How likely was it that the message was a prank, and there would never be anyone waiting in a coffee shop for her? About ninety-eight point five percent. Still, Burrows had the best Danish in town. She could get a raspberry Danish and maybe share it with the alien roach when she went home.

Only one person sat at a table. Basima, her best friend. Basima lifted a hand and wiggled fingers at Sarah.

Sarah went to the counter and ordered a latte and a Danish, then joined Basima at the table. "Did you send me a message?" Sarah asked.

"Maybe."

Sarah dug around in her purse and found the heart. "Was it this?"

Basima had been at her house on New Year's Eve. They always celebrated together by watching old movies and toasting with Martinelli's cider at midnight. Basima knew her way around Sarah's kitchenette. She could have put the heart in the cereal then.

Basima smiled at her. "How long have we been friends?"

"Since we were six," Sarah said. They had met in kindergarten, and gone through grade school, middle school, and high school together. They had gone to college together to get their degrees in library science. They had roomed together all four years of the undergraduate program, and then Basima had gone for her Master's, while Sarah went to work.

"Have you ever felt a spark between us?" asked Basima.

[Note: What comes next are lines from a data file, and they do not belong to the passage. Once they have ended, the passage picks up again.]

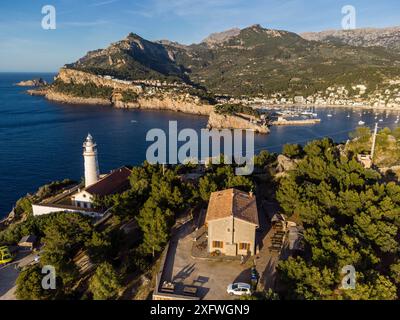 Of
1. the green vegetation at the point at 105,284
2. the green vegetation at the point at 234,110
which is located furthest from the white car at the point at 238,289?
the green vegetation at the point at 234,110

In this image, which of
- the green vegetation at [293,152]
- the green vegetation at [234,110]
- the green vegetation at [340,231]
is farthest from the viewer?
the green vegetation at [234,110]

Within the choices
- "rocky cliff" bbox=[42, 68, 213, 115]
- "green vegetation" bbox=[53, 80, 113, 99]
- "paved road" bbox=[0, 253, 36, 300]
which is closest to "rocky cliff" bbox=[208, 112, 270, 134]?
"rocky cliff" bbox=[42, 68, 213, 115]

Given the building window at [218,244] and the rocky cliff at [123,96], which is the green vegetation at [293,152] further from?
the rocky cliff at [123,96]

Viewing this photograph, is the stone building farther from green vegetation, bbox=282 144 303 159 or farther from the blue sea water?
the blue sea water

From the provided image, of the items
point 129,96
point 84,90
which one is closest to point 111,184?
point 129,96

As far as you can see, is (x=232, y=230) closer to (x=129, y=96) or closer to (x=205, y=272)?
(x=205, y=272)

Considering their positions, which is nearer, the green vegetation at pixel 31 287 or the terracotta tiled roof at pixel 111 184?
the green vegetation at pixel 31 287

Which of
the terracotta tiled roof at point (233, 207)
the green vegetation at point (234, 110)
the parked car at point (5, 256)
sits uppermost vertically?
the green vegetation at point (234, 110) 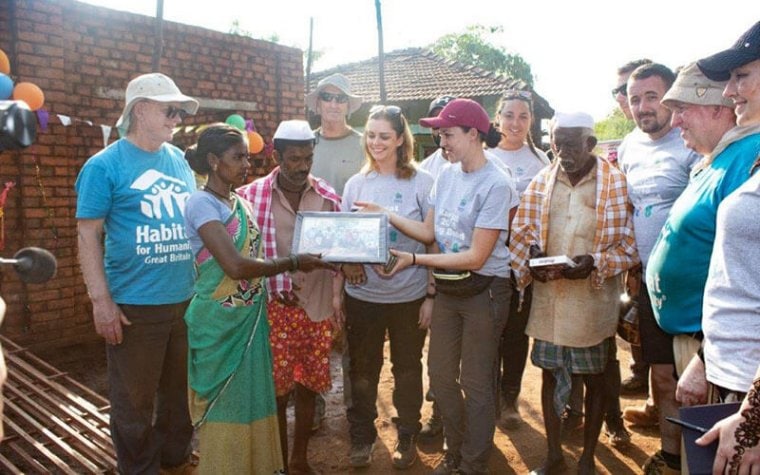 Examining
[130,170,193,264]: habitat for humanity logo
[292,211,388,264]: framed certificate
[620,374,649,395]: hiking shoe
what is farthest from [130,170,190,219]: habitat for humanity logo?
[620,374,649,395]: hiking shoe

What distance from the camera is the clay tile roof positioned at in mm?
17125

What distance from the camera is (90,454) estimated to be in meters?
3.53

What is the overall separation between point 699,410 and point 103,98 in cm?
612

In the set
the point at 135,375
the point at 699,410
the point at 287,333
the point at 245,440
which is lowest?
the point at 245,440

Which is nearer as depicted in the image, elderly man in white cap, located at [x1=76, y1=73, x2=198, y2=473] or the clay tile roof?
elderly man in white cap, located at [x1=76, y1=73, x2=198, y2=473]

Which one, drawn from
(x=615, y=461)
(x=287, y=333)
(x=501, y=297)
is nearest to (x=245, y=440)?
(x=287, y=333)

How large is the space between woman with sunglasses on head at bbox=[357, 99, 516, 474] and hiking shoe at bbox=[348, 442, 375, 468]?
1.94ft

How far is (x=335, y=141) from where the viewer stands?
446 centimetres

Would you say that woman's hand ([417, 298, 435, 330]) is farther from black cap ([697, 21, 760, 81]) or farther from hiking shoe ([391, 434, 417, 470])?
black cap ([697, 21, 760, 81])

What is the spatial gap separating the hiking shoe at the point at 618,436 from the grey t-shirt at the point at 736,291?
2229 millimetres

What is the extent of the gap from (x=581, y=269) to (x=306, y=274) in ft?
4.96

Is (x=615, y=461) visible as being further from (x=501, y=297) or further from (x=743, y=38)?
(x=743, y=38)

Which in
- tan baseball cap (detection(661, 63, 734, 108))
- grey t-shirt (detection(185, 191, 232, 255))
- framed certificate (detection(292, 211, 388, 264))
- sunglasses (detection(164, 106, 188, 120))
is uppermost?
tan baseball cap (detection(661, 63, 734, 108))

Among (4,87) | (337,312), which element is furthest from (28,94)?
(337,312) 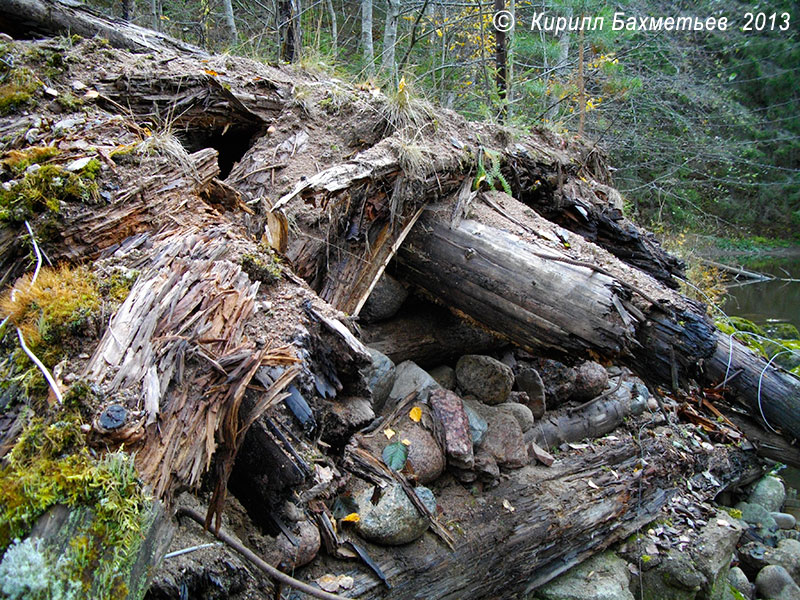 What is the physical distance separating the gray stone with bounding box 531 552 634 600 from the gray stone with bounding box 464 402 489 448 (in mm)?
1121

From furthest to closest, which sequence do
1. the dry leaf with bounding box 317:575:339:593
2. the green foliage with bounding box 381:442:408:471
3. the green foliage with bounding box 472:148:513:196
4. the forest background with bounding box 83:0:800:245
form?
the forest background with bounding box 83:0:800:245 → the green foliage with bounding box 472:148:513:196 → the green foliage with bounding box 381:442:408:471 → the dry leaf with bounding box 317:575:339:593

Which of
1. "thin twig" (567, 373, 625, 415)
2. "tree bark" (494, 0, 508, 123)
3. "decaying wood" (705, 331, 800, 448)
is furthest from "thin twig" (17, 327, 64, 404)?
"tree bark" (494, 0, 508, 123)

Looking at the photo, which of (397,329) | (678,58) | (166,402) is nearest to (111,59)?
(397,329)

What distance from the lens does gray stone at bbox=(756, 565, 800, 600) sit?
4680 millimetres

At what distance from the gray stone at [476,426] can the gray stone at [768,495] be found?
414 centimetres

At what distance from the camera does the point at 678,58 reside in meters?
16.0

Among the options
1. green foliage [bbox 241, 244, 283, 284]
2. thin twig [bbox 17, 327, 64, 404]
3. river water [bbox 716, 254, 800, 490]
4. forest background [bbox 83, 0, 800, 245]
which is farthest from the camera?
river water [bbox 716, 254, 800, 490]

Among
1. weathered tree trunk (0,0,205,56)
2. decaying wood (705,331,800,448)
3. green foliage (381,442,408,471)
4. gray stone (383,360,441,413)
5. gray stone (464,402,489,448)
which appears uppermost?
weathered tree trunk (0,0,205,56)

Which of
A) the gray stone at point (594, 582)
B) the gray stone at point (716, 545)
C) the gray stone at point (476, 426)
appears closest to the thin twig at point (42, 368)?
the gray stone at point (476, 426)

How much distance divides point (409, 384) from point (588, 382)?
1934 millimetres

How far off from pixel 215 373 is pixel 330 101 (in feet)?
9.77

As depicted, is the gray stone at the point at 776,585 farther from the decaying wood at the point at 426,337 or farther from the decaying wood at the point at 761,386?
the decaying wood at the point at 426,337

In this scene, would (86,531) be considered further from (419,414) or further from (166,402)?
(419,414)

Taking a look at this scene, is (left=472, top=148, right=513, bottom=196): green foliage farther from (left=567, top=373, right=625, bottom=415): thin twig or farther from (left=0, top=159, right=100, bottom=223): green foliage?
(left=0, top=159, right=100, bottom=223): green foliage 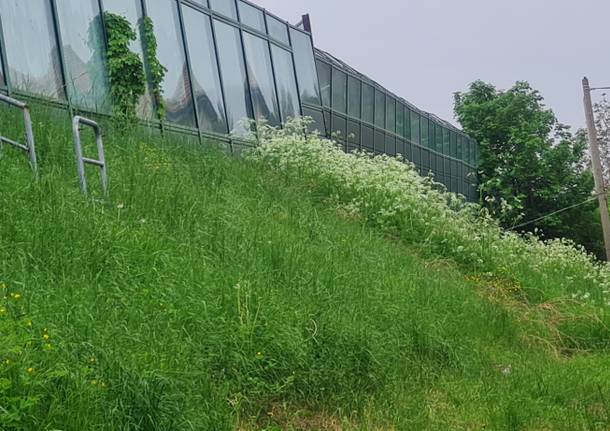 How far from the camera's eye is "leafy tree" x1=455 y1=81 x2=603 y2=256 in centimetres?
3172

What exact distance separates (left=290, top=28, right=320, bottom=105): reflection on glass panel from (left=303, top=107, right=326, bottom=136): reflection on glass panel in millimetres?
253

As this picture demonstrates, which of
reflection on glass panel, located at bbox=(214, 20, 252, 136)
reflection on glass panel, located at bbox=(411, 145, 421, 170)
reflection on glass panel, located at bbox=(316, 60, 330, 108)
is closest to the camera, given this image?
reflection on glass panel, located at bbox=(214, 20, 252, 136)

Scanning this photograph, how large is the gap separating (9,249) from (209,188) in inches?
156

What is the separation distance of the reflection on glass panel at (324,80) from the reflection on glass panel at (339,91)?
0.35 metres

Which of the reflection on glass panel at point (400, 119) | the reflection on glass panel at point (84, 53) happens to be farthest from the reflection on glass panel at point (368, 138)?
the reflection on glass panel at point (84, 53)

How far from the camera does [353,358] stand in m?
5.09

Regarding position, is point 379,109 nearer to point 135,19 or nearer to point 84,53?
point 135,19

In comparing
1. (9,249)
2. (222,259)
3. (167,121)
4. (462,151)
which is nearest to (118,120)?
(167,121)

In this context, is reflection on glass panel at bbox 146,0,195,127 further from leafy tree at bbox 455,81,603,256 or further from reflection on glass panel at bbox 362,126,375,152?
leafy tree at bbox 455,81,603,256

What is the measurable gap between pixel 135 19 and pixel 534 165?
23912 millimetres

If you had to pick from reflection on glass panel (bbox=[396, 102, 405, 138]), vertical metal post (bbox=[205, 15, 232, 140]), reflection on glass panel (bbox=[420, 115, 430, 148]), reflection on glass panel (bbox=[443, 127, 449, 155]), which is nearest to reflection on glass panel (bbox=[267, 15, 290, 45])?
vertical metal post (bbox=[205, 15, 232, 140])

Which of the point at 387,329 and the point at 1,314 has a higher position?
the point at 1,314

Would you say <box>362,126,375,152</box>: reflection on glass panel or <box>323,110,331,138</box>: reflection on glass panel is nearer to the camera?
<box>323,110,331,138</box>: reflection on glass panel

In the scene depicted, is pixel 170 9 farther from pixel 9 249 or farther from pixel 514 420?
pixel 514 420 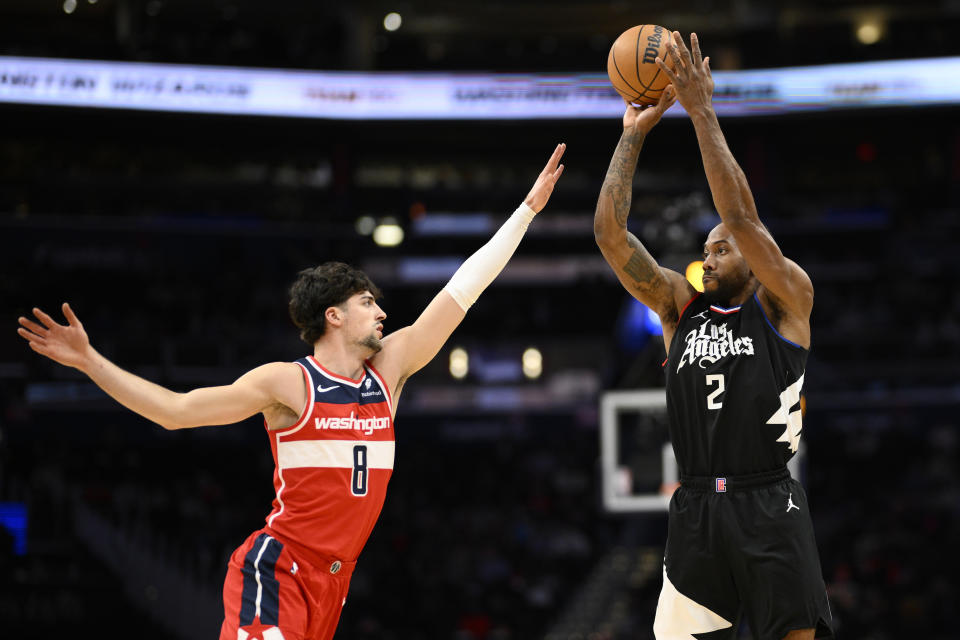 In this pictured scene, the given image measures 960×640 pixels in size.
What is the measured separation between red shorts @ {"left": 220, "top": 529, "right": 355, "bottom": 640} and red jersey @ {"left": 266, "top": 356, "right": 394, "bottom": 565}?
0.07 metres

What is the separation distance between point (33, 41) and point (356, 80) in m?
5.83

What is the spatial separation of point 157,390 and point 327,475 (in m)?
0.73

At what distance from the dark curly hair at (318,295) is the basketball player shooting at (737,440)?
1.43 metres

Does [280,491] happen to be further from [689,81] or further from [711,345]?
[689,81]

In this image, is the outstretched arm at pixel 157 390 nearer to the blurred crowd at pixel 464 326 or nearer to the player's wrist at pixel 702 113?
the player's wrist at pixel 702 113

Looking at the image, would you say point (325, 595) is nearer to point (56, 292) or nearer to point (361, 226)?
point (56, 292)

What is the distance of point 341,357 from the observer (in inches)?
173

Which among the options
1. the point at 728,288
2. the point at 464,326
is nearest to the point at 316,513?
the point at 728,288

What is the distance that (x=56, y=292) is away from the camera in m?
20.0

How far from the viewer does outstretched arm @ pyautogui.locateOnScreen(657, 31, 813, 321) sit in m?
4.21

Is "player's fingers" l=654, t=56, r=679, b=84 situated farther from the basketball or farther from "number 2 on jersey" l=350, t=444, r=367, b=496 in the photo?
"number 2 on jersey" l=350, t=444, r=367, b=496

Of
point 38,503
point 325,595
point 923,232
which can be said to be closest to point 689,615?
point 325,595

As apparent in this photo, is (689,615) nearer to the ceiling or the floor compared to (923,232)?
nearer to the floor

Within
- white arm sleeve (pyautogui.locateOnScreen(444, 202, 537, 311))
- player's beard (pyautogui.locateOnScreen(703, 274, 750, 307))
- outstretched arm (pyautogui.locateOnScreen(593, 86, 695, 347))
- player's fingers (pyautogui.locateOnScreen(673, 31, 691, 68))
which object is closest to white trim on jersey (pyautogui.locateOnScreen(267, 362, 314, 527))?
white arm sleeve (pyautogui.locateOnScreen(444, 202, 537, 311)) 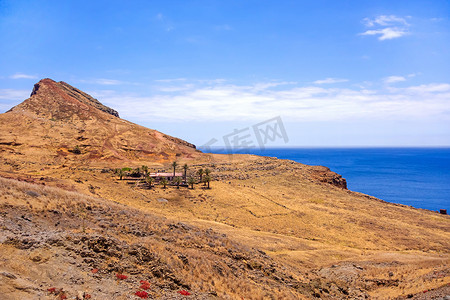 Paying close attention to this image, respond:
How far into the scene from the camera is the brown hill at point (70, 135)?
206ft

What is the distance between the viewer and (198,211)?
4128cm

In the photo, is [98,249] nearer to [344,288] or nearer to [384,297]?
[344,288]

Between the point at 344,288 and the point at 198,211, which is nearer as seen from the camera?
the point at 344,288

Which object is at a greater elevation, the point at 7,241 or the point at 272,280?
the point at 7,241

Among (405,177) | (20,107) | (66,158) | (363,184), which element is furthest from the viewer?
(405,177)

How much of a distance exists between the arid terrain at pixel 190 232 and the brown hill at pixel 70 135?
47cm

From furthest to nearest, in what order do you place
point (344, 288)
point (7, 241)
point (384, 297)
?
point (344, 288) < point (384, 297) < point (7, 241)

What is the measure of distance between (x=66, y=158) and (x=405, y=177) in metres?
149

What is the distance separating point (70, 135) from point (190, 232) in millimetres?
58657

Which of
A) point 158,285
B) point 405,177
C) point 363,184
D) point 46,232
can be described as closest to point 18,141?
point 46,232

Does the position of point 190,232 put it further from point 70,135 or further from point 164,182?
point 70,135

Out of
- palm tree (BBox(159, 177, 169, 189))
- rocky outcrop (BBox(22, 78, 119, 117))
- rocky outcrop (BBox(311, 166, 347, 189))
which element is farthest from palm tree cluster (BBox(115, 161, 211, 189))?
rocky outcrop (BBox(22, 78, 119, 117))

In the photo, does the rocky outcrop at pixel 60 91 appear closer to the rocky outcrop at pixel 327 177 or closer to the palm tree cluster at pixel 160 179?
the palm tree cluster at pixel 160 179

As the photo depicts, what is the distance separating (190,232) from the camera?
2292cm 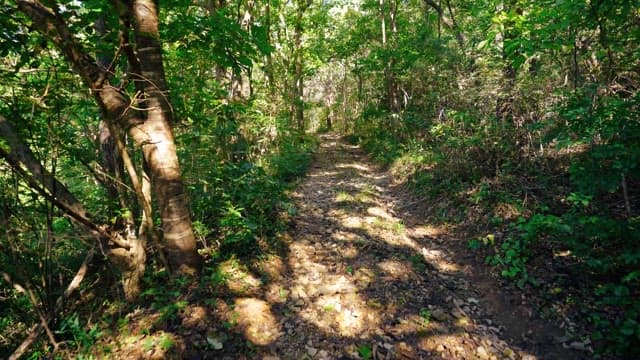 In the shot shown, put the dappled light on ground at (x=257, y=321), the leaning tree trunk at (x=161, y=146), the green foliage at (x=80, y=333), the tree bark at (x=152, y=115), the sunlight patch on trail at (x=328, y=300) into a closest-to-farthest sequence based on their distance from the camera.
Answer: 1. the tree bark at (x=152, y=115)
2. the green foliage at (x=80, y=333)
3. the leaning tree trunk at (x=161, y=146)
4. the dappled light on ground at (x=257, y=321)
5. the sunlight patch on trail at (x=328, y=300)

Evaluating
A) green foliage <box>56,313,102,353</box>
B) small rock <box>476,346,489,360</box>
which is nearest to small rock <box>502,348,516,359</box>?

"What?" Sarah said. She had had crushes on boys all her life, and never acted on them. She lifted a finger and held it out to Basima, who lifted her own index finger and reached toward Sarah. She stopped half an inch from Sarah's finger, and Sarah brought her finger closer. A spark jumped between them. "Whoa!"

"I got tired of waiting for you to figure it out," Basima said, and then blushed and stared at the table top.

Sarah bit her lip. Here was Basima, her best friend, finally letting her know something new to Sarah. Sarah, who could talk to cockroaches, but was often tongue-tied when it came to people. Things would be so much easier if Basima was an alien.

"Do you have a decoder ring?" Sarah asked.

Basima blinked, then looked up at her, wide-eyed. "As a matter of fact," she said, reaching into her giant orange purse, "I do."

"Wanna come home and meet my alien cockroach?" asked Sarah.